And I've witnessed it first-hand -- parents who think that this is a ticket to a full college scholarship, parents who somehow think that having one talent (such as speed) will make a kid a college player even if the girl doesn't have a batting eye or an arm, divorced dads who get to spend huge amounts of time with their kids when the travel teams they coach play every weekend from mid-April through early August, rec leagues getting cannibalized by travel programs when kids are as young at 10, travel programs who require three days a week in the off-season and then almost every day during it, parents who spend thousands on trips, lessons, equipment, all in the name of something I do have trouble to fathom.

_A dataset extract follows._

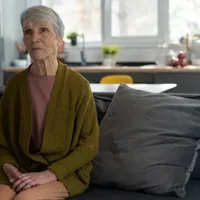 Cine poate încasa ultima pensie în caz de deces? Cine ia pensie de urmaș și până la ce vârstă? - Foto: Freepik (Imagine cu rol ilustrativ)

And this phenomenon begs some questions:

1. Do the parents think that they are acting in their kids' best interests? Yes, I would argue in almost every case they do.

2. Are the parents acting in the best interests of their kids? That's hard to say. You can tell by how happy the kids look -- on the bench, during the games and after the games -- as to whether this intense an activity is good for the kids. Many won't play in high school (although travel zealots will argue that travel ball is better), let alone college. Whether they develop "life skills" will depend on the quality of their coaches, with whom they will spend more time than teachers or parents (at times). My view is that the commitment requires way too much of families and kids, to the point where it doesn't let families be "whole" families, causes other kids to get neglected, and takes away from the player's ability to have a life outside softball. That's a big commitment and a big price to pay. As well as a commitment to eating salty, greasy hot dogs cooked in a crowded, usually not-so-clean snack stand repeatedly for about three months. If you make the commitment, pack the celery and carrots.

3. Are the coaches acting in the best interests of their kids? No, I would argue that in many cases they are not. The coaches end up coaching primarily because they have political juice in the organization to get a team or, at a young age, are the first or only parent to step up. Whether they have the ability to organize a team, communicate well with parents, relate to kids and teach the game can be a whole other story. What many who get involved want to do is get a preferred spot for their kid, who, in the brutal meritocracy we sometimes live in, might not always measure up. Hang around travel softball tryouts or tournaments and you will hear the term "Daddyball" mentioned more frequently than you would have guessed if you went in among the uninitiated.

4. Do the coaches think that they are acting in the best interests of their organizations and the kids they coach? I believe that they do.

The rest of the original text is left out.